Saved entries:
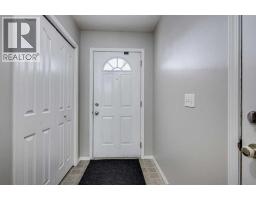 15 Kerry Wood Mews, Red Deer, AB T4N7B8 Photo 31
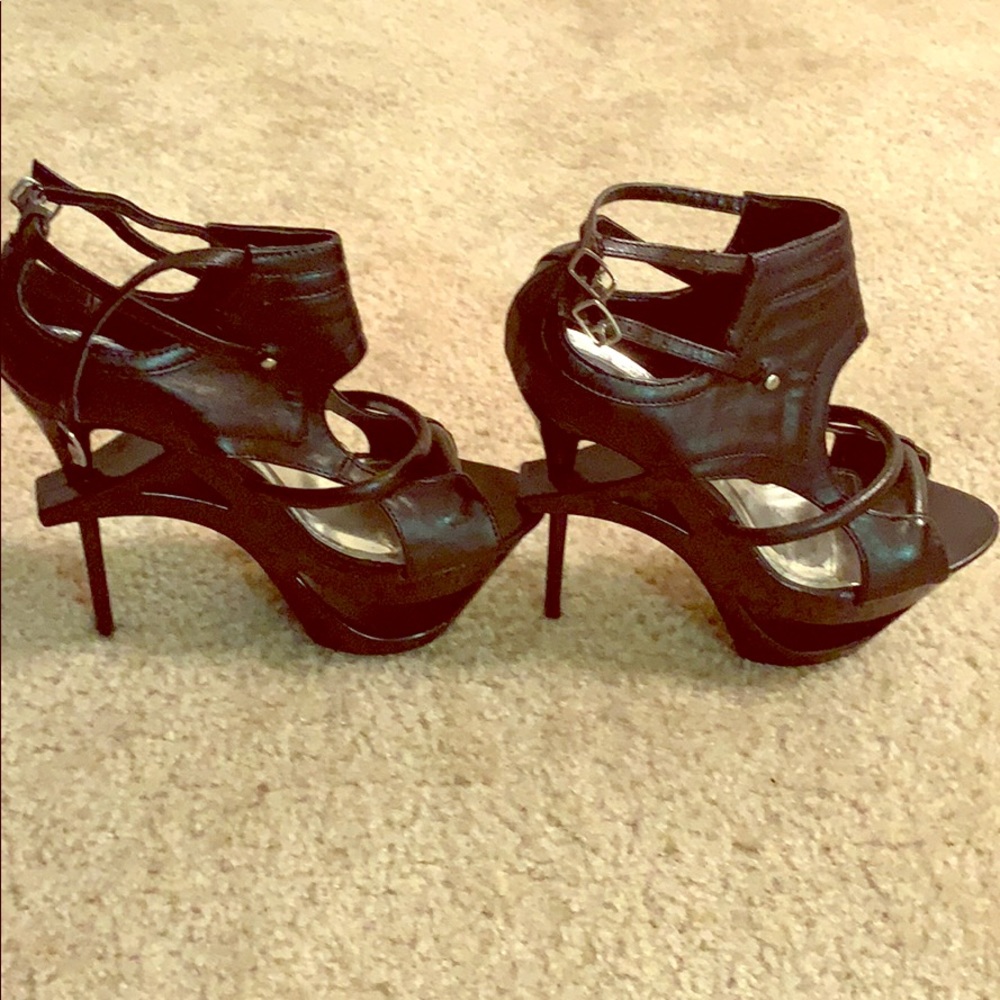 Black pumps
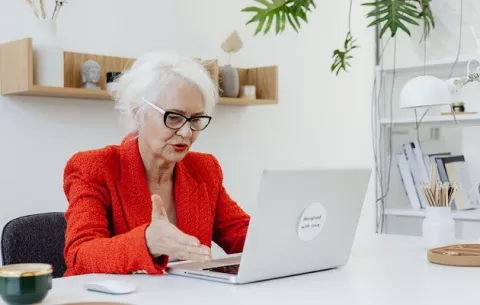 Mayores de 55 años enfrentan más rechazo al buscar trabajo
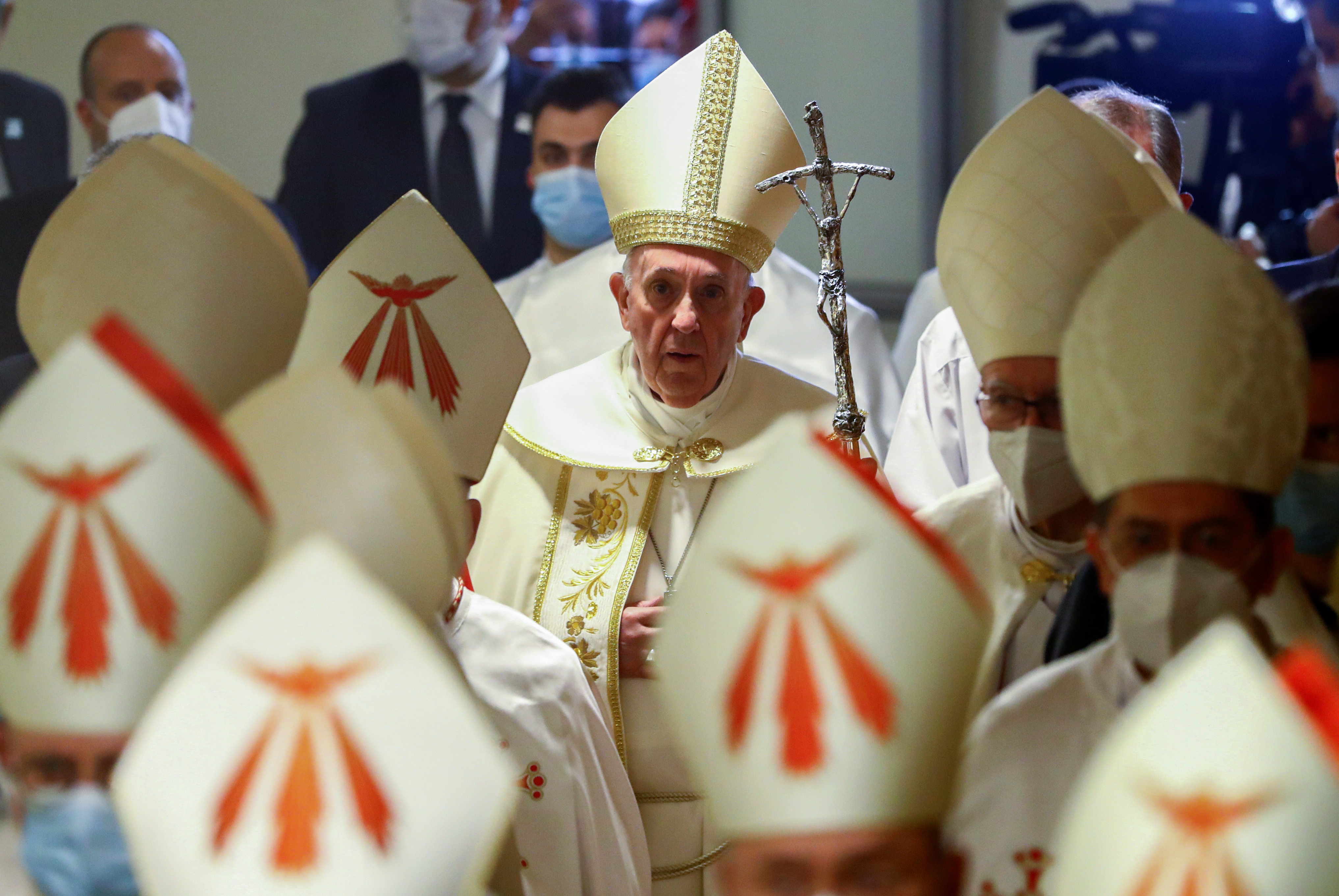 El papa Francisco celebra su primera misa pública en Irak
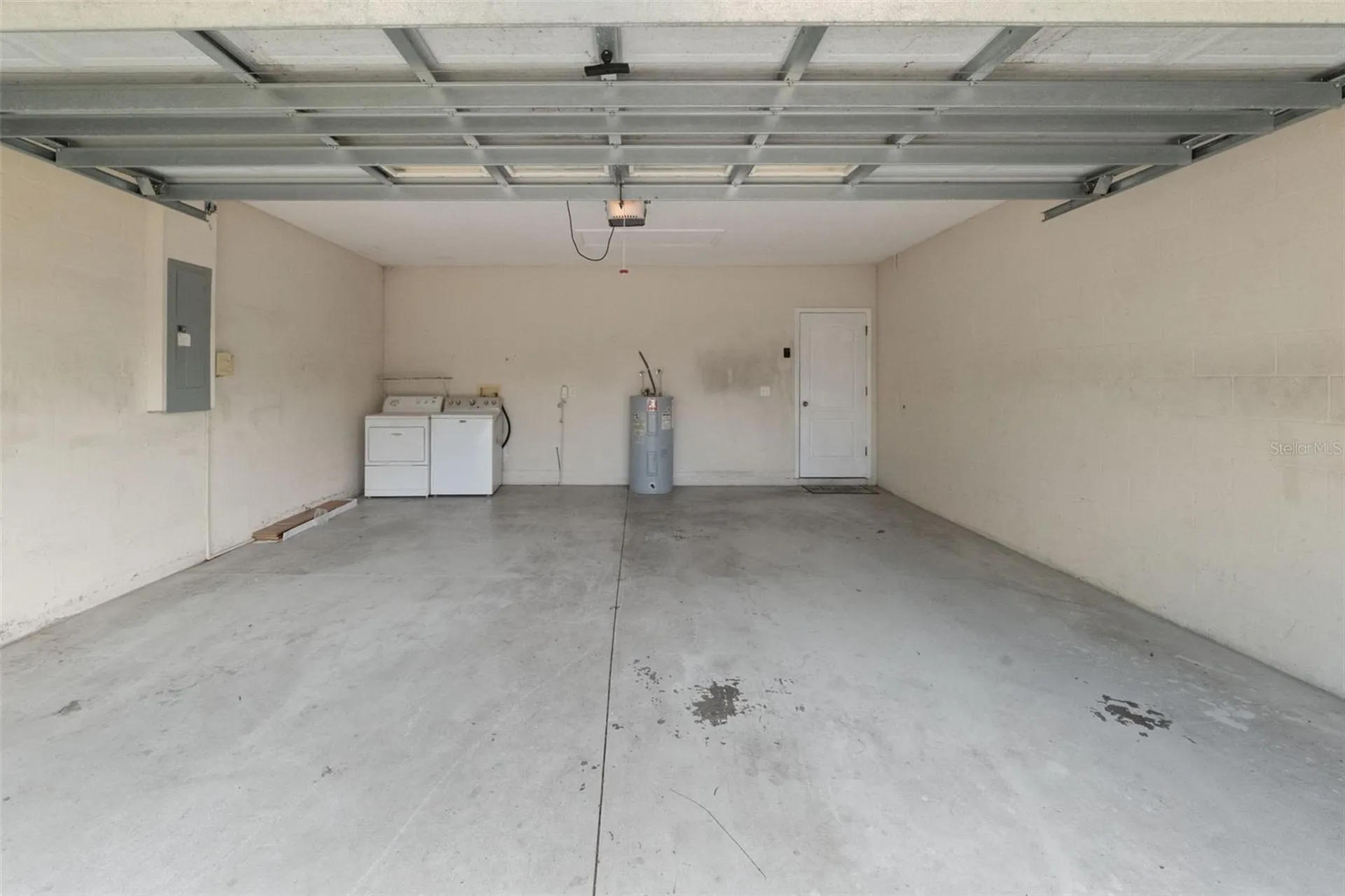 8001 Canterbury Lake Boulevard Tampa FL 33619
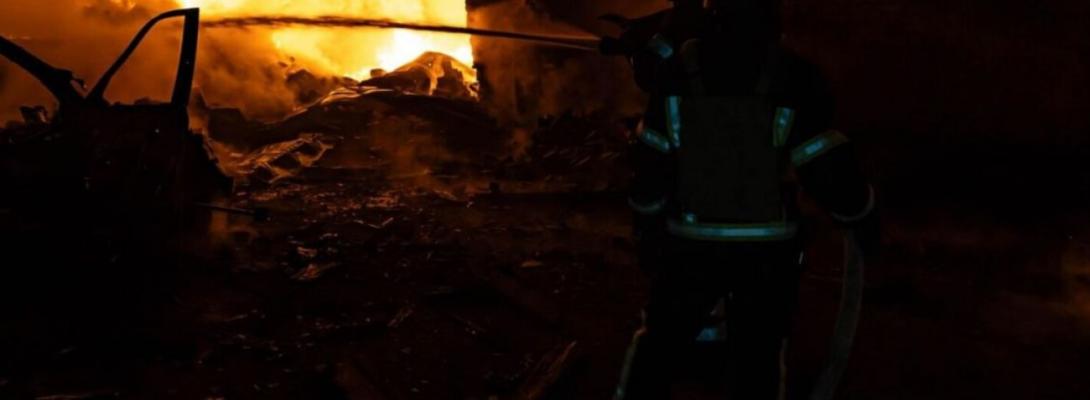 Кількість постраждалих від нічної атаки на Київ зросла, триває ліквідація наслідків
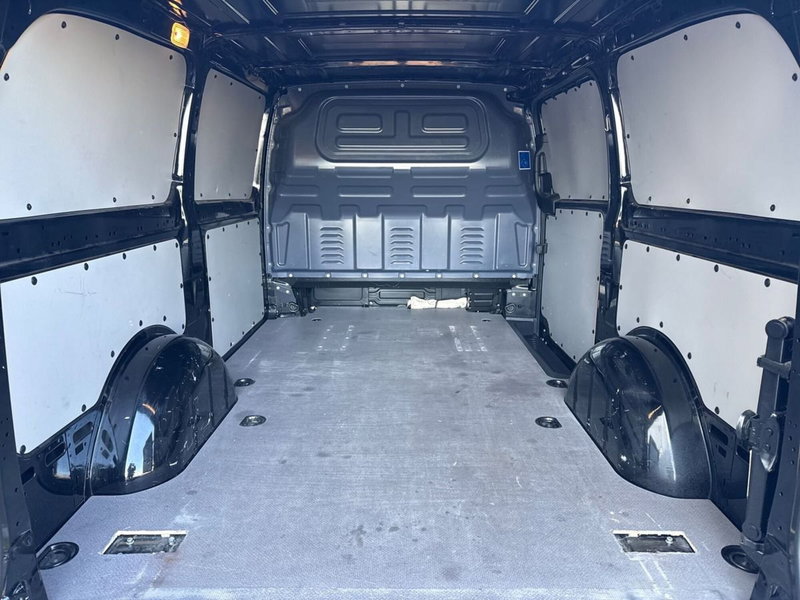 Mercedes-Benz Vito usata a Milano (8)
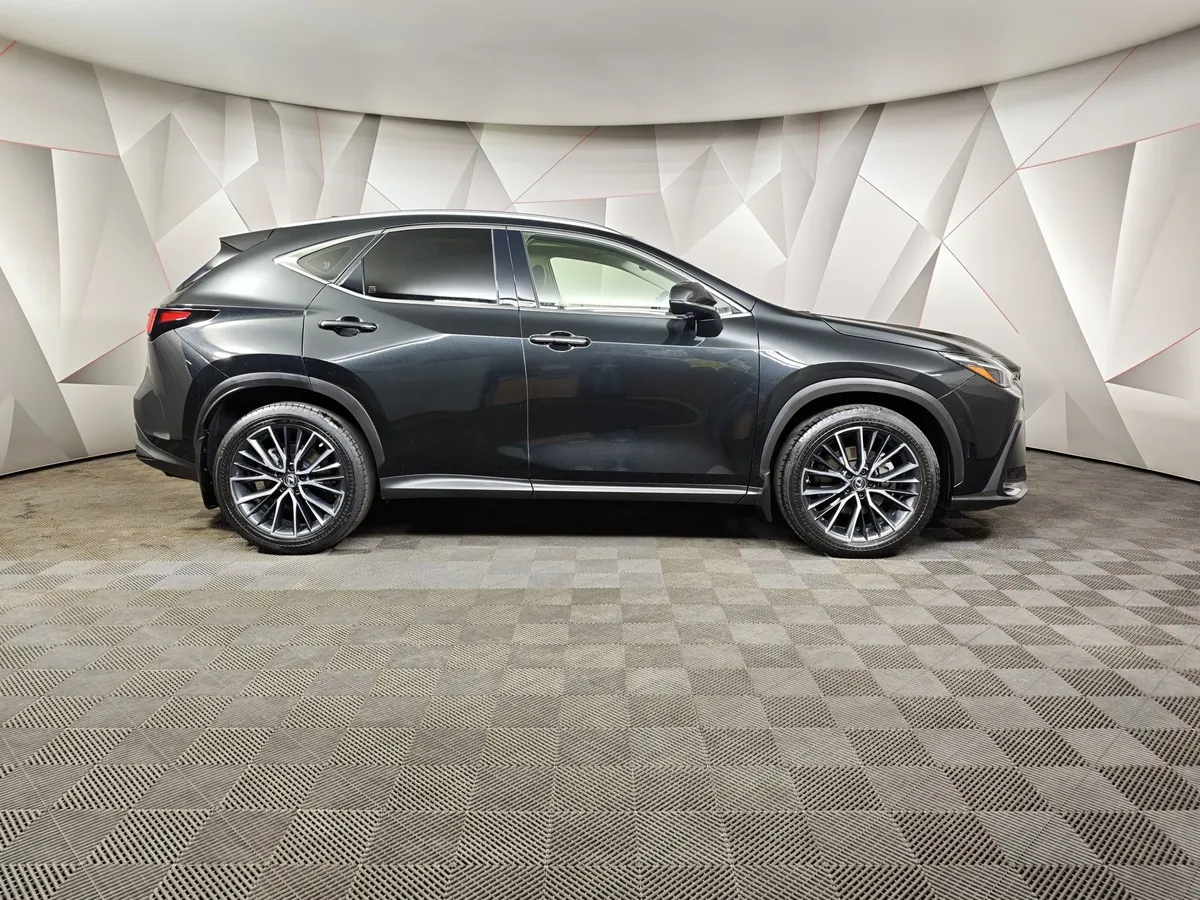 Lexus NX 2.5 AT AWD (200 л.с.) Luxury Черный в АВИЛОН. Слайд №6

Requirement:
Repeat exactly and only the lines from the one holding "Mercedes-Benz Vito usata a Milano (8)" through the final line of the entries; no pictures.

Answer to the problem:
 Mercedes-Benz Vito usata a Milano (8)
 Lexus NX 2.5 AT AWD (200 л.с.) Luxury Черный в АВИЛОН. Слайд №6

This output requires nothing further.